Dear Anon-O-Box: Asking Out Women At Conventions

Dear Anon-O-Box,

It’s been a few years since my ex-fiancee and I broke off our relationship, and I’m finally ready to start dating again. The problem is, being pretty geekish, I’ve been trying to come up with areas I could meet a girl who also has geeky interests.

One idea that has crossed my mind is asking out women I meet at cons. On one hand, it seems like a good idea–the women there more than likely share my interests and since this is anonymous, I have to admit that a lot of cosplayers are pretty good-looking, costume or no.

Here’s the problem, though–I really don’t want to be “that guy.” You know, the boor who goes around making women feel as though they’re just sex objects, or just making women feel uncomfortable.

So my question is, can I ask out someone who I meet at a con? If the answer is yes, can you give any advice on the subject?

Thanks very much,

Looking but Unsure

e answers:

You can definitely ask out someone you meet at a con!  There are always “We Met at ___ Con” love stories – in fact, there was a story on CNN a while back about geeks who found love at Dragon*Con.

But first, let’s go over the “that guy” list (for those who may not know they’re “that guy”).

That guy:

  • Stalks the costumed girls around the con floor… and then into the hotel.
  • Asks for lots and lots of photos.
  • Makes lewd comments.
  • Talks to breasts instead of faces.
  • Jokes about having sex with whatever character she’s dressed as.

While girls who dress up for cons know what they’re in for (especially if the outfit is particularly tight or revealing), it’s still no reason to be that guy.
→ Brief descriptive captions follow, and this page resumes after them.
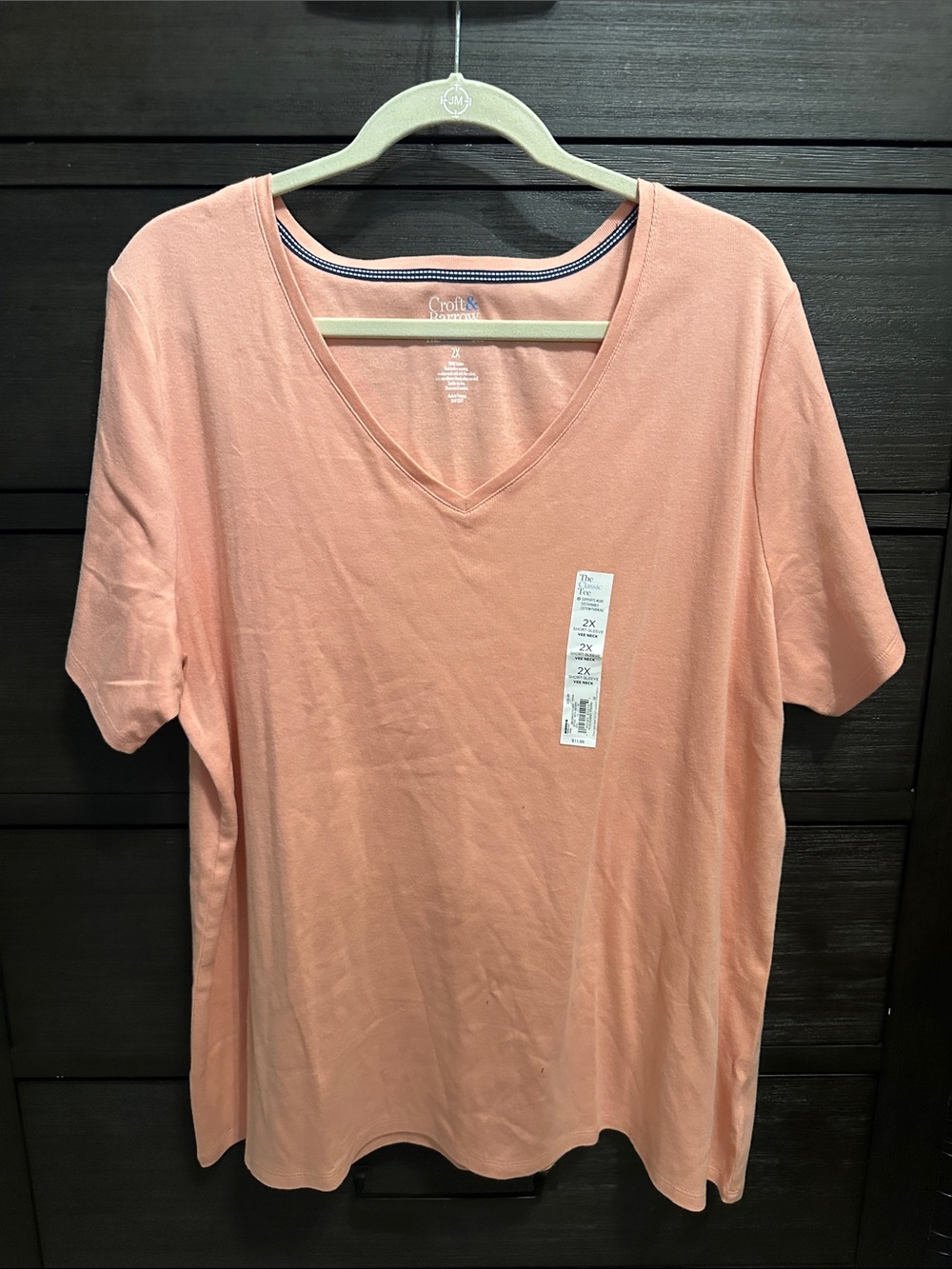croft & barrow Peach V-Neck Short Sleeve Tee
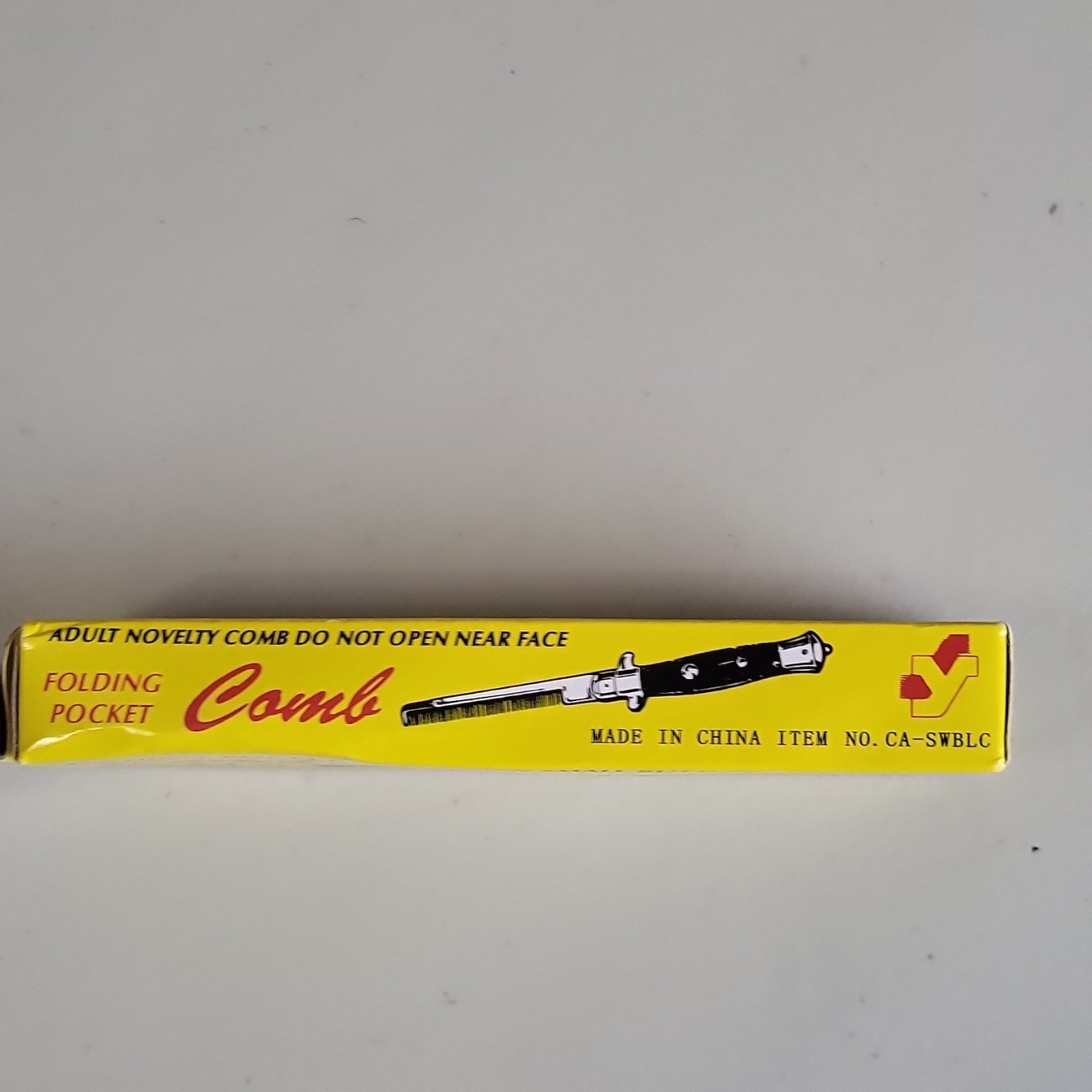 9 in Stainless Steel Switchblade Folding Comb Novelty CA-SWBLC Yellow/Black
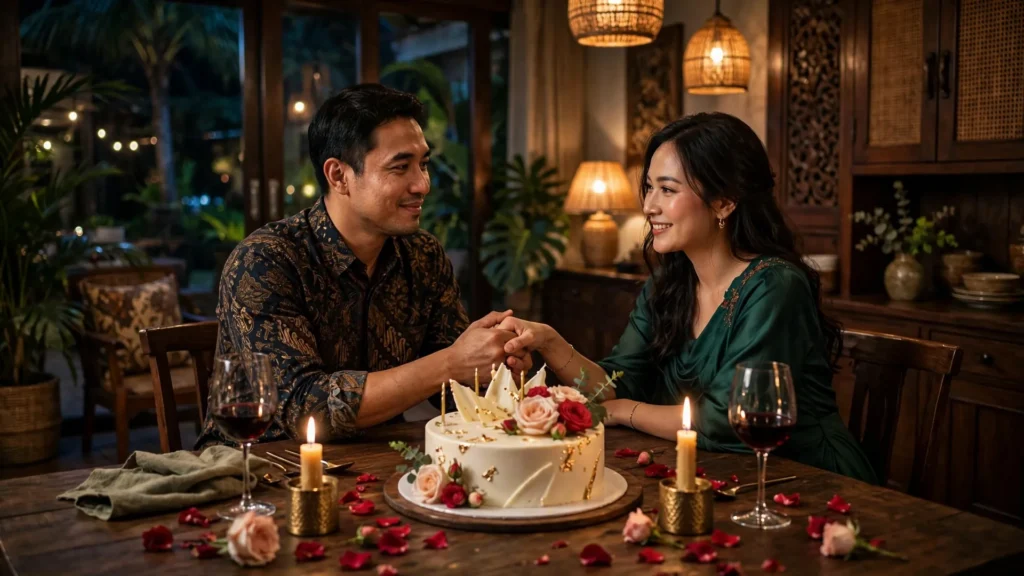 ucapan ulang tahun untuk istri — suami memberi kartu ucapan romantis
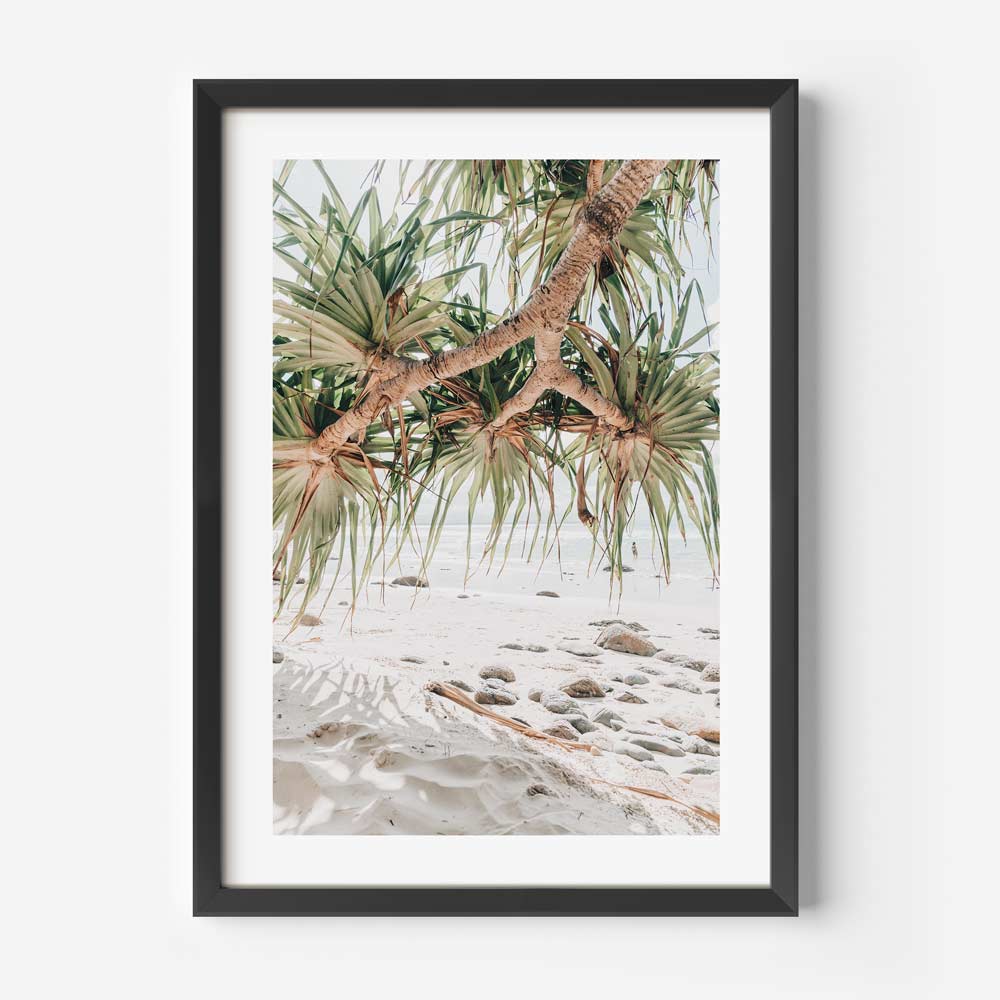 Coastal Serenity: Pristine Beach and Pandanus Oil Painting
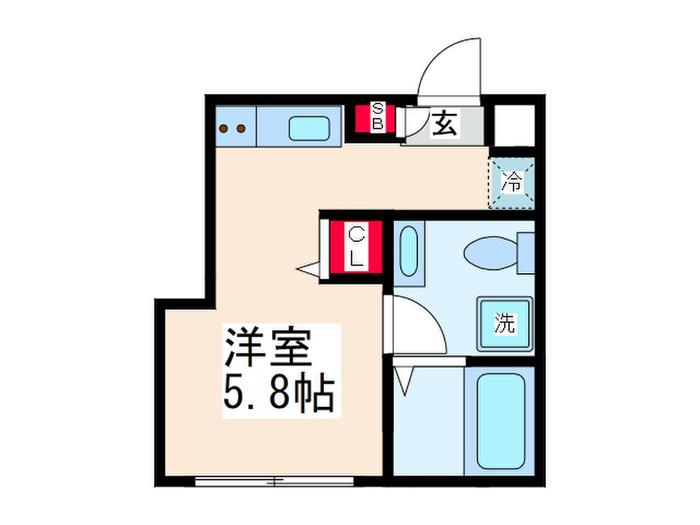 RESIDENCE DEAR(ワンルーム/2階)の間取り写真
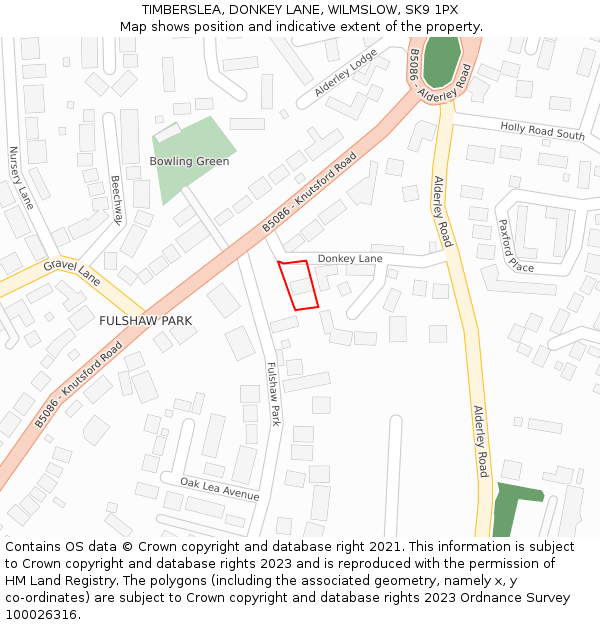 TIMBERSLEA, DONKEY LANE, WILMSLOW, SK9 1PX: Location map and indicative extent of plot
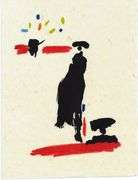 Rare Pablo Picasso Woodcut on Japon Nacre Paper from Chant Funèbre pour Ignacio Sánchez Mejías, 1976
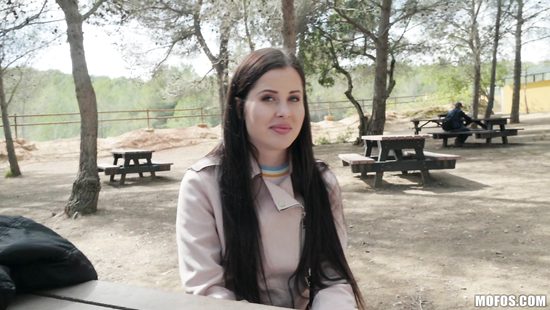 Amateur brunette fucking stranger for money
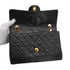 VINTAGE CHANEL MATELASSE CHAIN SHOULDER BAG BLACK LAMB SKIN GOLD HARDWARE 90348521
Unfortunately, it is a little “that guy” to walk up to a complete stranger and ask them out. But since you’re at a convention, you automatically have conversation material!  If the girl in question isn’t busy, there’s nothing wrong with striking up a conversation about her costume, the character it’s based on, and then from there… wherever the conversation ends up going!

First Conversations: Get The Hint

You do need to know how to read body language to prevent from slipping from “nice guy” to “that guy who won’t go away.”

Look for the following signs to let you know you’re on the right track:

  • She’s adjusting/playing with her hair.
  • She turns to face you directly.
  • She leans closer to you.
  • She mirrors your body language (you drink from your water bottle, she drinks from hers).

But warning! These signs mean she’s looking for an out:

  • She turns so her side faces you.
  • One foot is slid forward (like in the direction she’d like to go – away from you!)
  • She crosses her arms across her chest.
  • She looks at her watch (or her phone), or looks toward the door.

If you notice her showing signs of wanting an out, thank her for her time and let her loose.  If she seems to be digging you, then you can ask her what she’s doing for the next meal.  If she accepts, awesome. If she seems nervous, you could suggest going out with a group of people or perhaps meeting up for an evening activity (movie night, dance, whatever else is going on at that particular con).

But OMG, you couldn’t possibly do that!

A little too shy for that?  Now, I’ve never been to a convention in costume, but I have friends who do cosplay and they will tell you that some of those costumes get REALLY HOT when you’re walking around on the convention floor.  If you’ve found a girl you like and you’ve already chatted her up about her costume, you could always come back a few hours later with a water bottle for her.

“Hey,” you say, “With all those layers, you must be dying. I figured you could use a cold drink.”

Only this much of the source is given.